Sur fond d'une guerre qui prend des allures de spectacle divertissant pour le peuple, des adolescents un peu spéciaux sont les stars d'enjeux aériens. Leur statut est plus flou car ce sont en fait des Kildren, des humanoïdes fabriqués sans aucune mémoire passée, mais dont les sentiments ressurgissent à chaque remise à neuf (sous-entendu, après leur mort au combat). Sur ce fond, se développe une histoire d'amour entre Yûichi et Suito, les deux protagonistes dont on comprend bien vite qu'ils se sont déjà aimés sous d'autres existences.

On reconnaît donc les thèmes chers au réalisateur, et notamment le concept de poupée sans âme qui cherche un sens à son existence. Ici, les Kildren vivent un épicurisme difficile puisqu'ils combattent sans connaître les tenants et aboutissants de leur entourage, du contexte politique jusqu'au sens même de leur propre vie.
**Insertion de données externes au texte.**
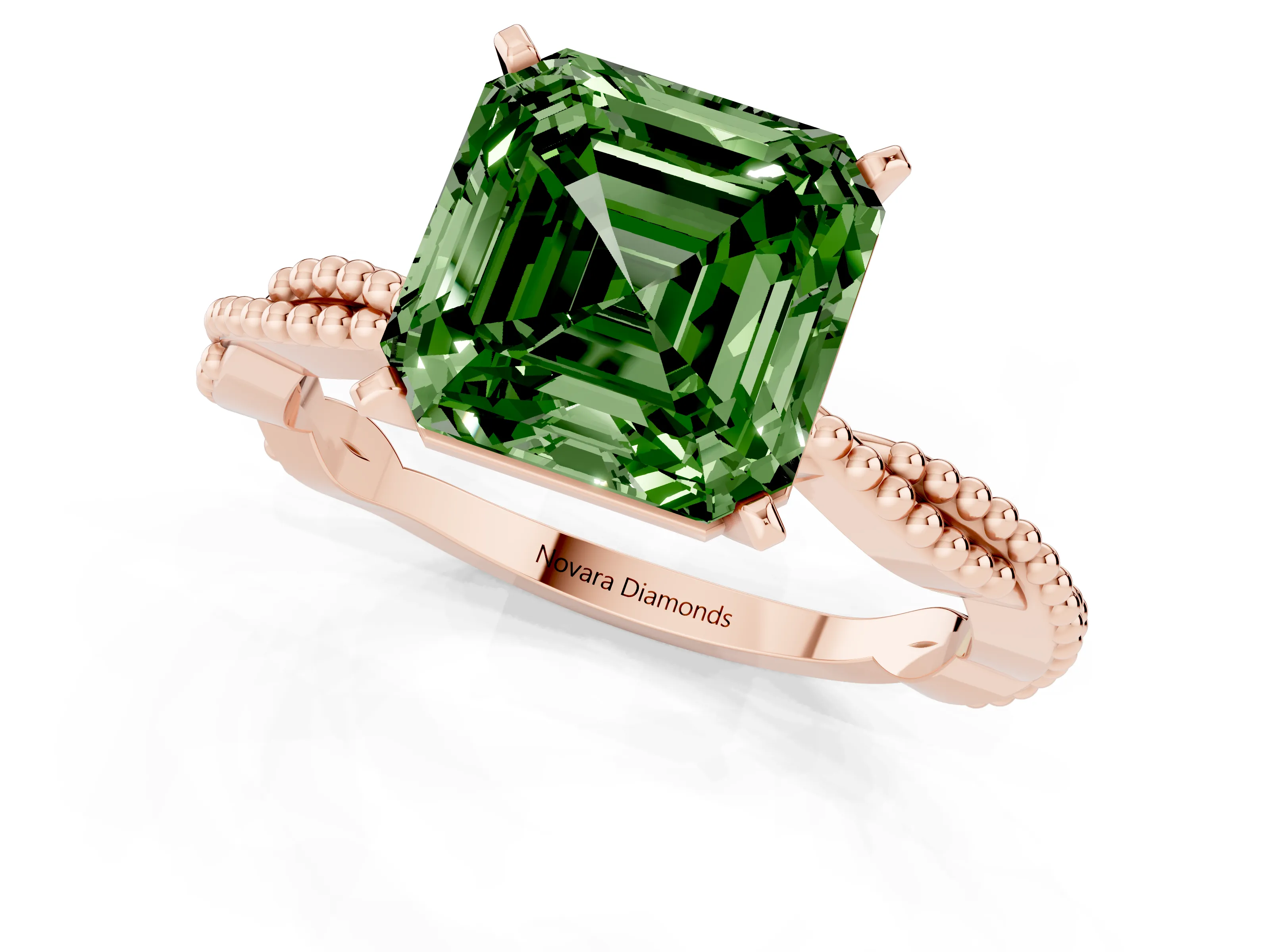 Fancy Green Asscher Cut Diamond Solitaire Ring Set in Rose gold with Twisted Band and Bead Prong Setting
A ce titre, le film offre des pistes de réflexions, bien que déjà vues, toujours très intéressantes.

L'aspect technique allait forcément être étudié, surtout quand on sait l'intérêt porté à Oshii aux détails (voyez la reproduction quasi maniaque des mécaniques d'avions ✈️, de motos, de flingues...) mais aussi après la claque GITS Innocence il y a 5 ans. Dans Sky Crawlers, les incrustations numériques sont superbes, comme on le découvre dans les rares combats aériens à la mise en scène juste exceptionnelle. De même, les décors sont jolis, propres et fouillés. En revanche, il y a au-delà de tout ça un énorme décalage avec le design des personnages et l'animation 2D, qui sont nettement en retrait et juste médiocres pour un film de ce calibre et avec ce budget. Il est assez impressionnant de voir à quel point les cellulos manquent de détails, et l'animation d'images par seconde.
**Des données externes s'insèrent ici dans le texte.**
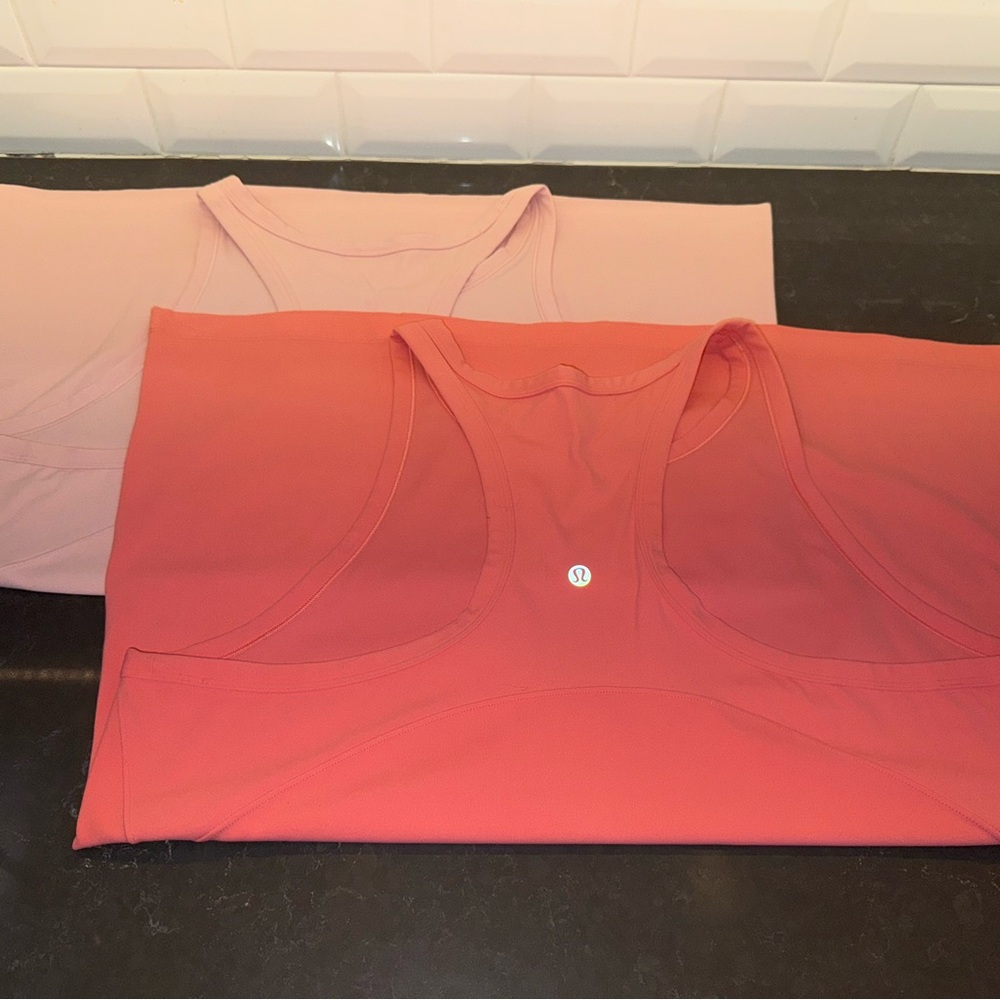 Lululemon Pink and Coral Tank Tops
C'est comme si pour la réalisation, la césure psychologique des thèmes abordés dans le scénario se traduisait sur le plan technique - ces aviateurs avatars ne se réalisent vraiment que dans les cieux, le reste n'étant que latence et réflexion stérile. A ce titre, on remarquera un autre clivage entre les couleurs au sol volontairement limitées, peu franches, alors que le rythme véloce et féroce des escapades aériennes tranche avec cette mélancolie. Dommage que la musique de Kawai, pourtant toujours au top, se montre si discrète ; elle aurait pu renforcer l'empathie sur ces sujets. On notera également au casting doublage, les actrices Rinko Kikuchi et Chiaki Kuriyama.

Vous vous souvenez quand j'écrivais que les dialogues d'Innocence ressemblaient "trop à un vulgaire feuilletage du dictionnaire des citations pour prétendre à un quelconque intérêt" ? Dans Sky Crawlers, Oshii a beaucoup travaillé les dialogues et ceux-ci deviennent vite intéressants. Mais du coup, la lenteur et le manque de rythme flagrant lié à l'empathie du film sur la condition des Kildren pourra vraiment ennuyer le spectateur. Pourtant, l'intention est plus que louable. Clairement, il s'agit d'un film difficile et compliqué, qui ouvre la réflexion en ne fermant pas sa lecture du scénario et donc à ne pas mettre à la portée de tous, sous peine de le voir fustigé.